Recall that the HasComponent (see the appendix) trait allows us to move from ComponentState<TContractState> back to the generic TContractState (which we consider the state of the contract using the component) via the get_contract function. By “moving up” to the using contract, it is sufficient to add a generic impl dependency +OwnableTrait<TContractstate>. Note that we gain dependencies for free from the standard generic impl mechanism.

Adding this dependency made Upgradable pluggable only into contracts that implement the OwnableTrait trait. They can do it via implementing it directly or by using an Ownable component, from the perspective of the Upgradable component - this is an implementation detail.

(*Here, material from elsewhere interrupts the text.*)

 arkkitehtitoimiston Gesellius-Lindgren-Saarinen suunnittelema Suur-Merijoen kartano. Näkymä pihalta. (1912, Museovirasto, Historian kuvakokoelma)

Implementing OwnableTrait in the contract using the component

In the code below, we chose to implement OwnableTrait inside our counter contract directly (rather than via a second component).

#[starknet::interface]
trait ICounterContract<TContractState> {
    fn increase_counter(ref self: TContractState, amount: u128);
    fn decrease_counter(ref self: TContractState, amount: u128);
    fn get_counter(self: @TContractState) -> u128;
}

#[starknet::contract]
mod counter_contract {
	  use comp_examples::upgradable::upgradable as upgradable_component;

    component!(path: upgradable_component, storage: upgradable, event: UpgradableEvent);

    #[abi(embed_v0)]
    impl Upgradable = upgradable_component::UpgradableImpl<ContractState>;

    impl Ownable of super::OwnableTrait<ContractState> {
        fn is_owner(self: @ContractState, address: ContractAddress) -> bool {
            let caller = get_caller_address();
            let owner = self.owner_address.read();
            caller == owner
        }
    }

    #[storage]
    struct Storage {
        counter: u128,
        #[substorage(v0)]
        upgradable: upgradable_component::Storage
    }

    #[event]
    #[derive(Drop, starknet::Event)]
    enum Event {
        CounterIncreased: CounterIncreased,
        CounterDecreased: CounterDecreased,
        UpgradableEvent: upgradable_component::Event
    }

    #[derive(Drop, starknet::Event)]
    struct CounterIncreased {
        amount: u128
    }

    #[derive(Drop, starknet::Event)]
    struct CounterDecreased {
        amount: u128
    }

    #[constructor]
    fn constructor(ref self: ContractState, initial_counter: u128) {
        self.counter.write(initial_counter);
    }

    #[external(v0)]
    impl CounterContract of super::ICounterContract<ContractState> {
        fn get_counter(self: @ContractState) -> u128 {
            self.counter.read()
        }

        fn increase_counter(ref self: ContractState, amount: u128) {
            let is_owner = self.is_owner(get_caller_address());
            if is_owner {
                let current = self.counter.read();
                self.counter.write(current + amount);
                self.emit(CounterIncreased { amount });
            }
        }

        fn decrease_counter(ref self: ContractState, amount: u128) {
            let is_owner = self.is_owner(get_caller_address());
            if is_owner {
                let current = self.counter.read();
                self.counter.write(current - amount);
                self.emit(CounterDecreased { amount });
            }
        }
    }
}

Note that if we remove the Ownable impl, then the following line will not compile:

    impl Upgradable = upgradable_component::UpgradableImpl<ContractState>;

since we cannot instantiate the impl UpgradableImpl<ContractState> if there is no present impl for OwnableTrait<ContractState> (and in particular, we won’t be able to embed this impl in our contract).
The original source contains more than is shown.